Nachdem tausende deutsche Bauern per Traktor zur Jahreswende Richtung Berlin tuckerten, um gegen EU-Umweltstandards zu protestieren, wollte die FPÖ am 19. Jänner in Österreich für ähnliche Bilder sorgen. Das misslang. Nur elf Traktoren folgten dem Protestaufruf – und parkten am Wiener Ballhausplatz.
Da (größere) Proteste aber in vielen anderen EU-Staaten stattfanden, reagierte Brüssel dennoch und lockerte die Umweltstandards für Landwirte. Auch Österreichs Landwirtschaftsminister Norbert Totschnig (ÖVP) stimmte zu. Aber vielleicht kommt ja jetzt Proteststimmung auf. ÖVP und Grüne haben sich vergangene Woche auf den Nationalen Energie- und Klimaplan (NEKP) geeinigt.
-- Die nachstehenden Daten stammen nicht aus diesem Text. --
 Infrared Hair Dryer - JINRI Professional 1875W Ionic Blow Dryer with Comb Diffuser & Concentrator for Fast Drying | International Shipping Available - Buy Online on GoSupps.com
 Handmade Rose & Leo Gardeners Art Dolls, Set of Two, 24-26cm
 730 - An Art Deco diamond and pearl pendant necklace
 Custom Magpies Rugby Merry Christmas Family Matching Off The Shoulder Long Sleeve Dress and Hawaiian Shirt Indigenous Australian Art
Die eigentliche Frist, Ende Juni, schaffte die Regierung nicht, Strafzahlungen dürften aber ausbleiben. Im NEKP soll stehen, wie Österreich bis 2030 48 Prozent seiner Emissionen gegenüber 2005 einsparen will. Das gilt für Sektoren, die nicht Teil des EU-Emissionshandelssystems sind – wie den Verkehr oder die Landwirtschaft.
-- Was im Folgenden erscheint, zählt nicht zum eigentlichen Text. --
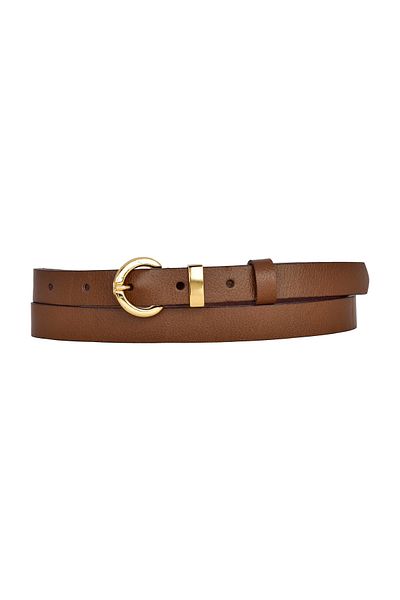 GoDeri 100% Genuine Leather Gold Color Suit Bridge Brown Women's Belt 2cm Fits Whole Outfit_Ki̇li̇k-Gold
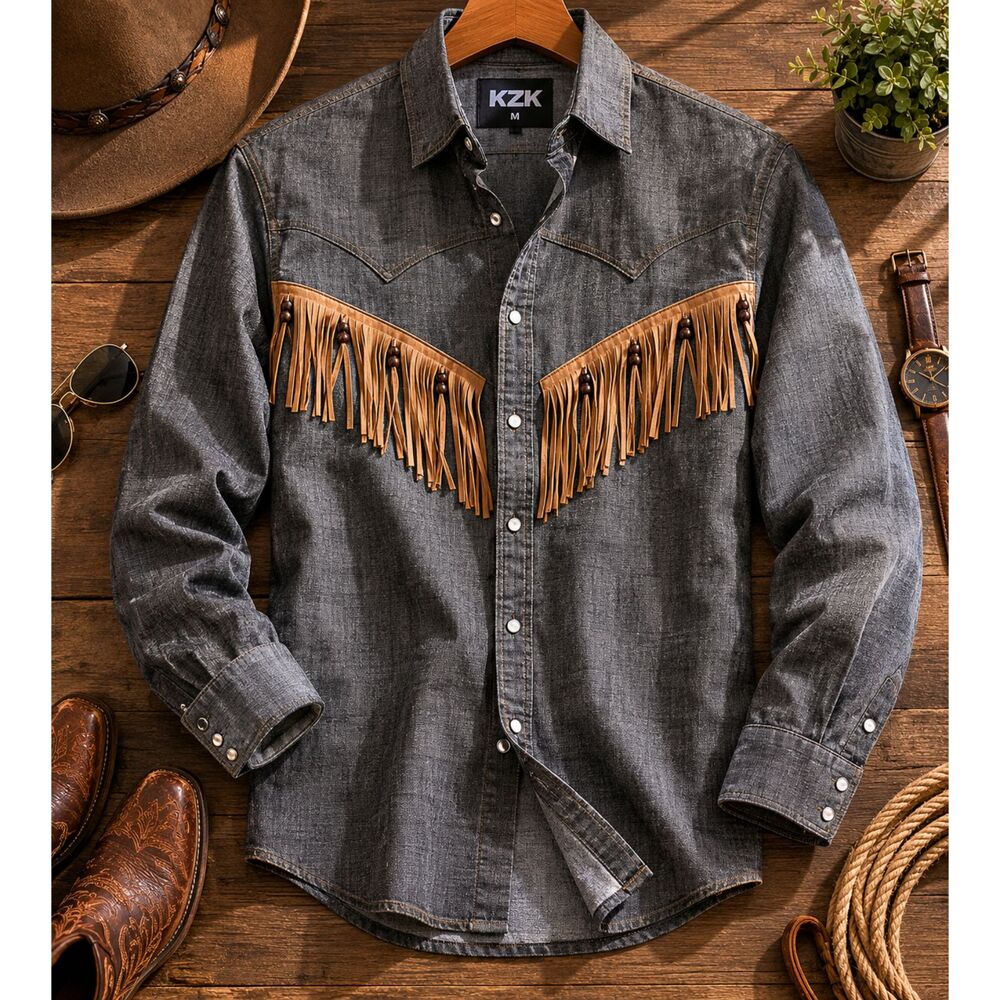KZK Western Button Up Fringe Cowgboy Beaded Shirt Mens Size Medium Vintage (299m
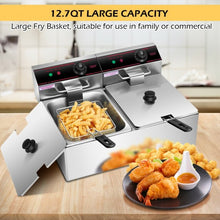 Load image into Gallery viewer, 5000W Dual Tank Electric Countertop Deep Fryer

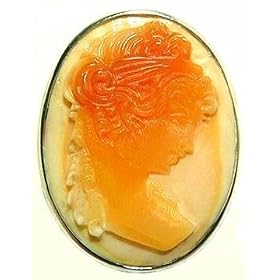 Beautiful, Romantic, Cameo Pin Pendant, Italian, 925 Sterling Silver Framed,... by cameos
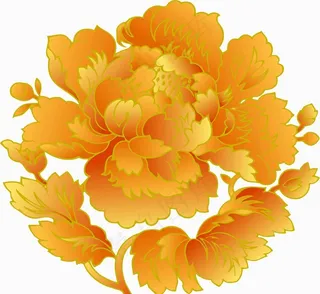 金色牡丹花图片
Das "Dieselprivileg" soll fallen
Die Grünen hätten im NEKP gerne fixe Sparvorgaben für diese Sektoren festgeschrieben. Dagegen wehrte sich die ÖVP erfolgreich. Wie will Österreich die EU-Klimaziele dennoch erreichen? Vor allem durch die Streichung „klimaschädlicher Subventionen“. Für solche gibt der Staat laut einer WIFO-Studie von 2022 jährlich bis zu 5,7 Milliarden Euro aus. 61 Prozent entfallen auf den Verkehr. Prominente Beispiele: Pendlerpauschale, steuerliche Bevorzugung von Dienstwägen oder „Dieselprivileg“.
Letzteres, das aus Sicht der Grünen jedenfalls fallen soll, ist für Landwirte besonderes relevant: Die Mineralölsteuer auf Diesel ist in Österreich um rund 8,5 Cent pro Liter niedriger als auf Benzin. Streng genommen handelt es sich beim Dieselprivileg also um keine „Subvention“, sondern eine abgabenseitige Entlastung.
Die Maßnahme befeuert einerseits den „Tanktourismus“, hilft aber gleichzeitig Österreichs Industrie – etwa Betrieben mit großen Lkw-Flotten – und eben der Landwirtschaft. Denn aufgrund ihres höheren Drehmoments sind Dieselmotoren besonders geeignet für Traktoren – selbiges gilt für Baumaschinen oder Panzer. Eine ernst zu nehmende umweltfreundliche Alternative zum Dieseltraktor gibt es aktuell nicht. Heißt: Die Fixkosten der heimischen Landwirte würden automatisch steigen, sobald das Dieselprivileg fällt.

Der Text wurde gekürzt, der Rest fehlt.